Although the canons are observed by many clergy with (shall we say) creative flexibility, they enjoin the clergy to say morning and evening prayer daily. Those offices (if the traditional provision is being followed) revolve around the praying of the psalms and the reading of the rest of the scriptures.

From Cranmer’s day until relatively recent decades that meant praying the whole psalter once a month, reading the Old Testament and Apocrypha / Deuterocanonical books ion their entirety once a year, and the New Testament twice a year. While that was legally enjoined on the clergy, Cranmer’s expectation (shared with his successors) was that some laity at least would join in what was meant to be public worship. Today’s lectionaries are less comprehensive, but still extensive. (I for one regret, for example, the way they have pandered to some evangelicals’ pan-Protestantism by providing “safe” alternatives to the deuterocanonical readings.)
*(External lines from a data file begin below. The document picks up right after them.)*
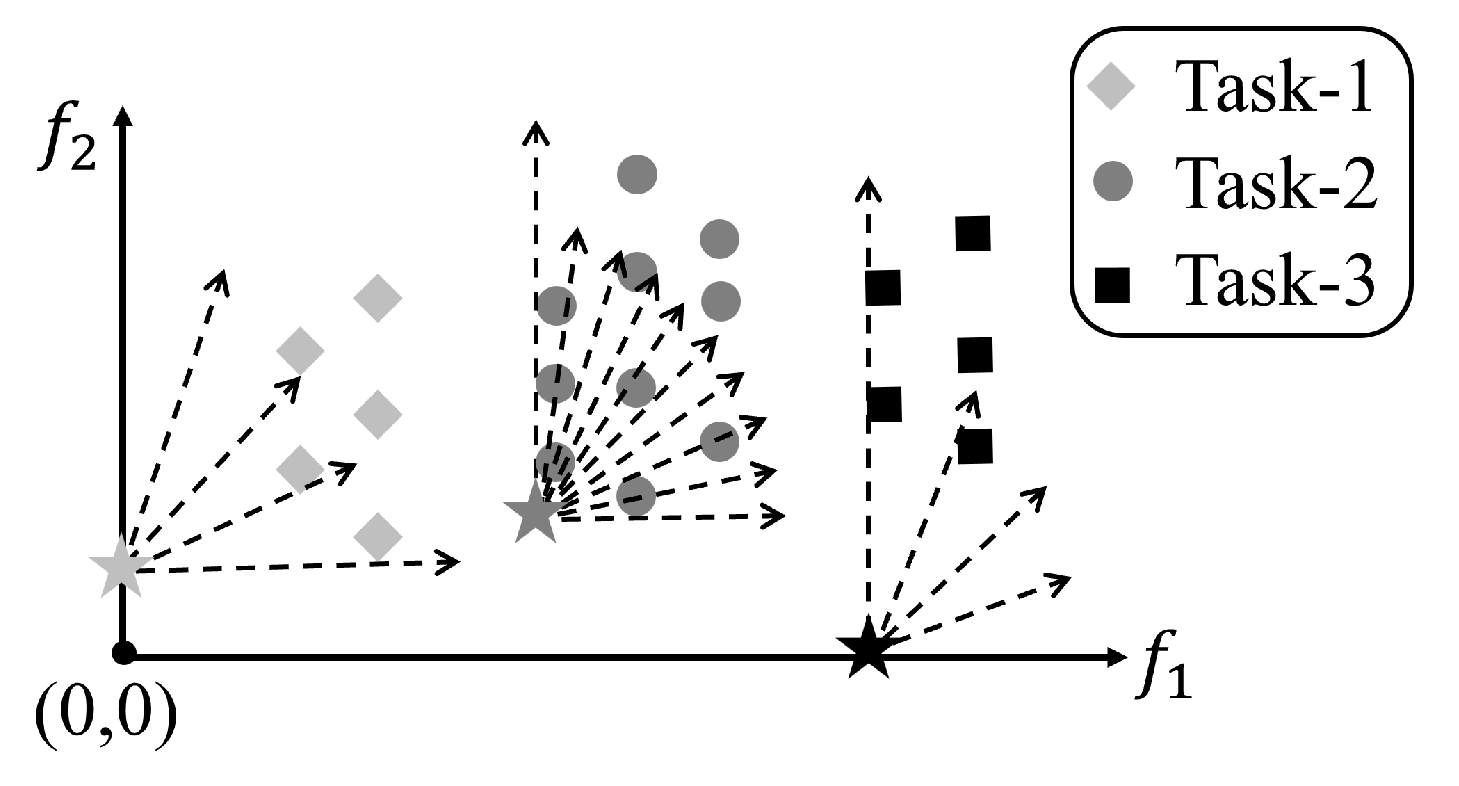 Mathematics 12 01178 g004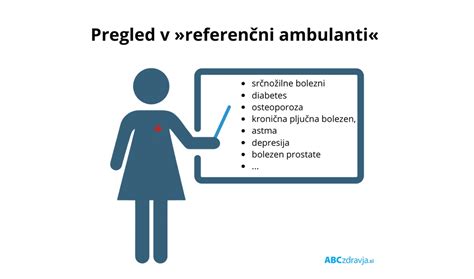 infografika: pregled pomembnejših režij Mileta Koruna skozi desetletja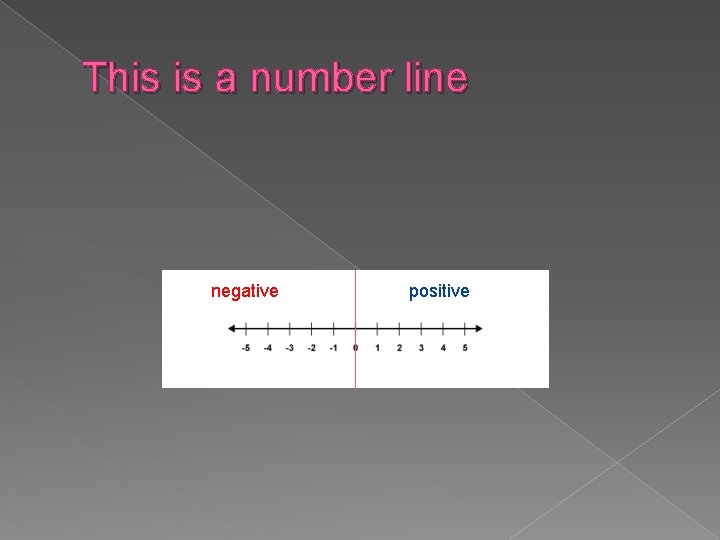 This is a number line negative positive 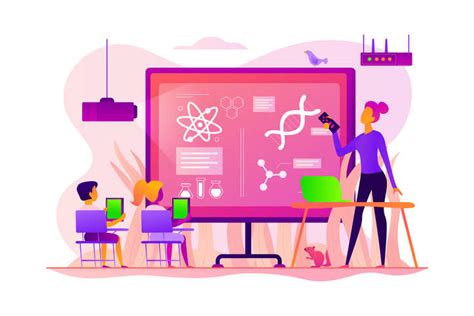 Flipped classroom for 21st-century learning needs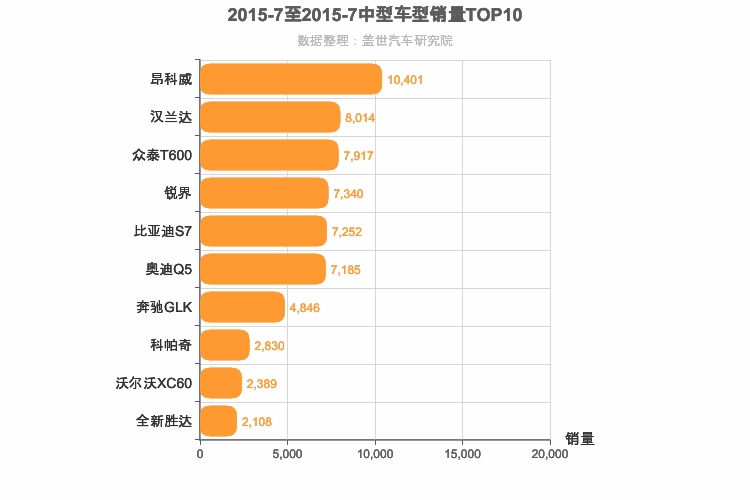 2015年7月中型SUV销量排行榜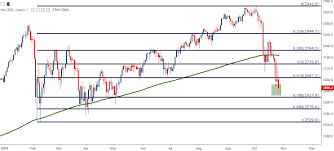 technical forecast for dow s p 500 dax ftse 100 and nikkei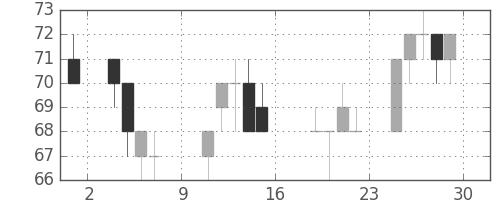 三菱紙の日足チャート(2016年7月)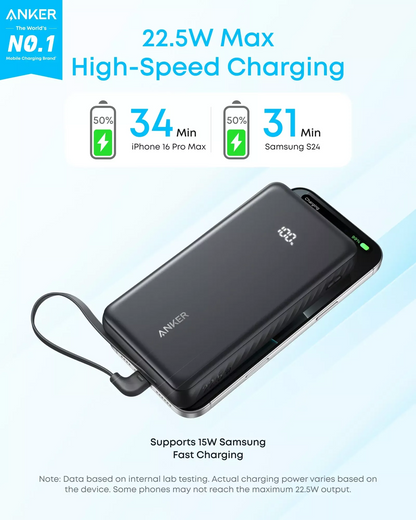 Εξωτερική Μπαταρία Anker Zolo, 20000mAh, 22.5W, QC + PD, 1 x USB-A - 2 x USB-C, Μαύρη A110EH11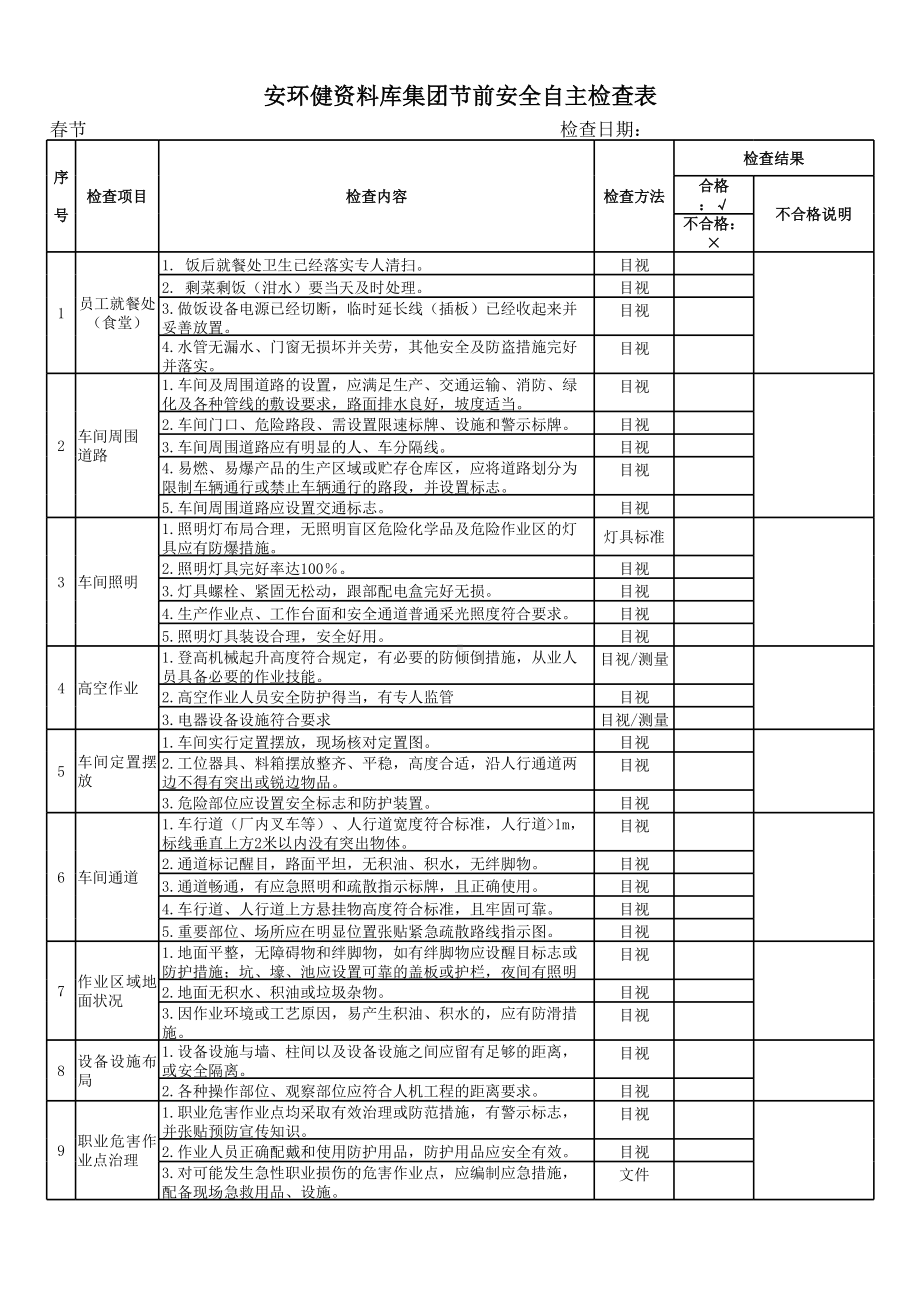 安全自主检查表参考模板范本.xls_第1页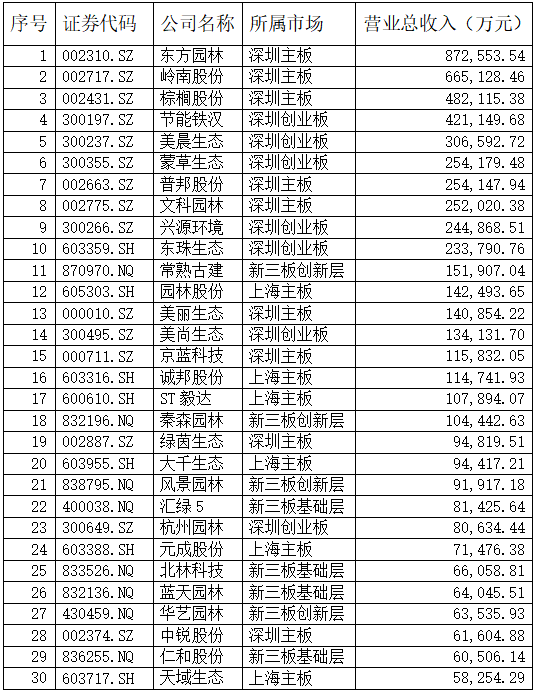 2020年生態(tài)園林上市企業(yè)30強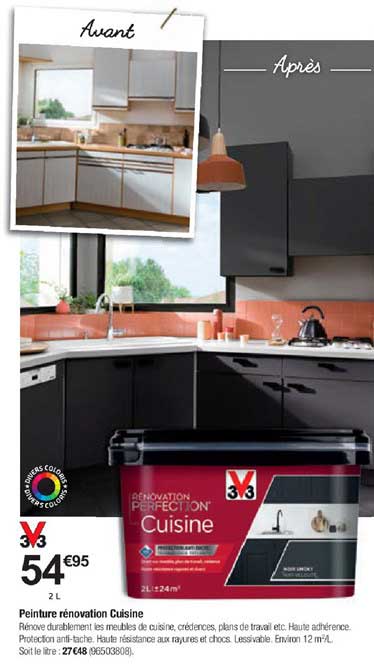 Peinture Rénovation Cuisine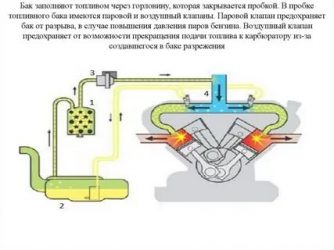 Пробки топливных баков что это?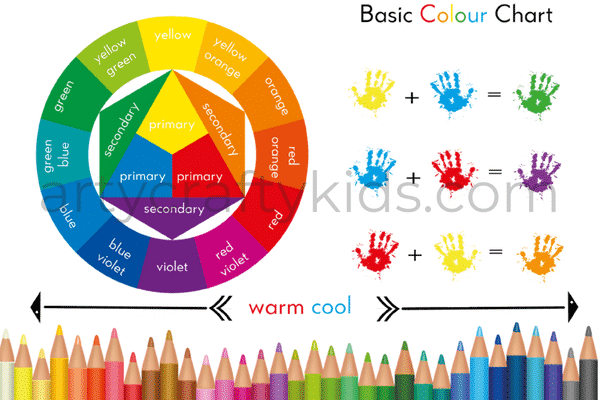 Warm And Cool Color Chart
The expectation of liturgical practice needs to be set alongside the sixth of the 39 articles, which is on scripture. There, in relation to the Apocrypha, it says that “the Church doth read for example of life and instruction of manners; but yet doth it not apply them to establish any doctrine”.

In saying that, it seems to make a distinction between two types of authority. There is the sort of authority attributed with certainty to the books of the Hebrew Bible and New Testament, which the official Church acknowledges in establishing doctrine. No-one should imagine that Henry VIII, or Cranmer himself, or their respective successors, would have tolerated the idea that anyone could use scripture to establish doctrine. In the words of the monarch’s declaration “if any publick Reader in either of Our Universities [there can be only two!!] shall affix any new sense to any Article … he … shall be liable to Our displeasure, and the Church’s censure … and We shall see there shall be due Execution upon them.”

That kind of application or use of the authority of scripture was even less open to the ordinary priest or lay person. The Church under the Monarch-in-Parliament taught you what doctrine was authorised by Holy Scripture, and to venture your own opinion was divisive, contumacious, spiritually arrogant, theologically wrong and quite possibly treasonous.

But the other kind of authority, which included not only the undisputed canon but the fuzzy edges of the deutero-canon, was exercised by priest and people praying the words of scripture in psalm and canticle, and reading, hearing and pondering the whole sweep of the Bible’s story year by year as a story directed to shaping Christian living and drawing the Christian and the church into the worship of God, so that (as the regular use of penitence and exhortation reminded them) they might learn the way of repentance, conversion of life, and holiness.

The key thought of “the authority of scripture” was the power the story had to inform prayer and shape imagination, to provide exemplar and encouragement, and to help put their lives’ journey into the context of the journey of God’s people from creation to final fulfilment by way of the cross.

The authority of a story (and most of scripture is story) is often subtle, frequently a long-term project, and nurtured by repetition and slow digestion. It is about the reshaping of how we see ourselves and our lives by forming our mental world, and populating it with the images, examples and friends who open new possibilities to us, as well as warning us away from bad ideas and foolish practices (of which there are more than a few in the Bible). Our interplay with those stories is rarely unequivocal, but often complex, and we may well reshape and reconfigure the stories as we go.

First and foremost, though, it is precisely by reading scripture, regularly more than occasionally, sequentially rather than selectively, and when directed to worship – penitence and prayer, lament and praise – rather than information gathering and study, that we really come to give it authority over our lives. For then it works beneath the surface of the psyche as well, with id as much as ego, and with heart as well as mind.